Category Archives: Troubleshooting

XPost: Event 18054 errors in the SQL application log

Here is a great post by Kevin Holman addressing an issue you would come across if you have had to move your SCOM databases or recover them to a new SQL server.

Sample error:

Log Name:      Application
Source:        MSSQL$I01
Date:          10/23/2010 5:40:14 PM
Event ID:      18054
Task Category: Server
Level:         Error
Keywords:      Classic
User:          OPSMGR\msaa
Computer:      SQLDB1.opsmgr.net
Description:
Error 777980007, severity 16, state 1 was raised, but no message with that error number was found in sys.messages. If error is larger than 50000, make sure the user-defined message is added using sp_addmessage.

In essence this happens, as explain, due to the sysmessages being created in the master database on installation. These messages will then be missing after a database move or new sql server recovery.

Kevin has also provided a script to re-add these messages for you here – CAUTION for SCOM 2012 R2 only

SCOM: Alerting on Exchange 2013 Database Failover

As it turns out the Exchange 2013 MP will not be able to alert you should your Exchange 2013 databases fail over, this is by design, as Microsoft does not consider this condition to be an issue.

There is a great article by Scott at flobee.net which addresses this issue for Exchange 2010, it is quite simple to apply the same thinking for use with Exchange 2013. The event is the same, the target just needs to be Exchange 2013 server.

Screenshot-FailoverAlert2

 

SCOM: The System Center Management service terminated with service-specific error %%-2130771964

Just a quick issue which bares being noted.

A colleague of mine had an issue where the health service on one of his management servers would not start. The error displayed was “The System Center Management service terminated with service-specific error %%-2130771964″

The resolution is simple, rename the Health Service State folder and then start the service.

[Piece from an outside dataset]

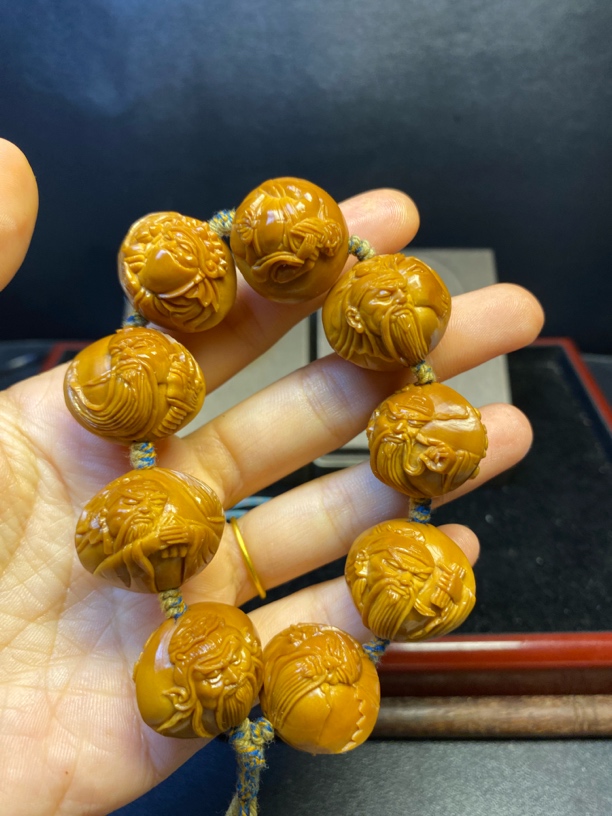 精品橄榄核雕金龙核关公2.5cm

This issue is caused by corruption in the health service cache which is preventing the service from starting,

SCOM: Error in SNMP GET response from IP Address: Status: noSuchInstance(129)

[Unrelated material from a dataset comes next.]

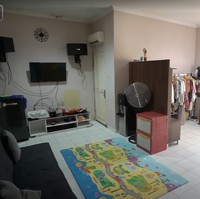 Ruang tengah rumah digunakan sebagai tempat menonton televisi dan bersantai bersama keluarga. Terdapat juga playmat untuk tempat sang anak bermain. Foto: YouTube/Taulany TV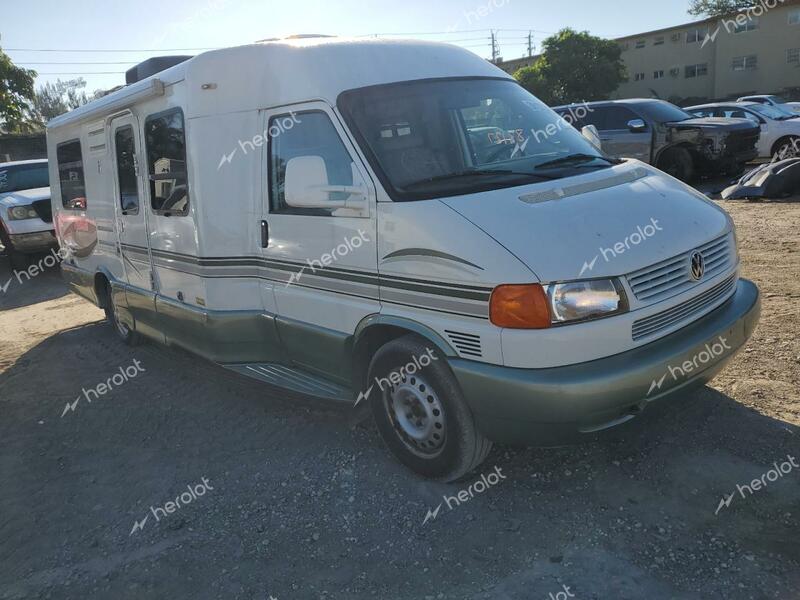 VOLKSWAGEN EUROVAN 2001 white  gas  39137263 WV3AB47061H132885 WV3AB47061H132885 photo #1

Today I was addressing this error in the Operations Manager event log at one of my customers:

Error in SNMP GET response from IP Address: Status: noSuchInstance(129)

According to What Gets Monitored with System Center Operations Manager 2012 Network Monitoring this can be caused by several things:

Possible Resolutions

  • Stale Discovery Data – Device has been reconfigured since the last discovery and Operations Manager is attempting to monitor a component that no longer exists on the device.
  • If the device doesn’t support the workflow, then a solution is to disable the workflows utilizing the value for the device. This will prevent these workflows loading and failing in the future.
  • Possibly a device issue, try updating the Firmware and OS on the device
  • Possible a discovery issue where the instance is being discovered incorrectly.  For example Operations Manager is expecting to monitor a performance counter but this is a virtual interface and the counters are not present for the interface.  Try running a re-discovery for the device.

In my clients case the network devices in question did not respond to the information request of certain workflows.

I resolved the issue by creating a group and adding the ports which were not returning data to that group. Then I evaluated each of the event log errors for the name of the workflow that was executing the snmp get, see example below:

Log Name:      Operations Manager
Source:       Health Service Modules
Event ID:      11009
Error in SNMP GET response from IP Address: 10.11.11.1, Status: noSuchInstance(129).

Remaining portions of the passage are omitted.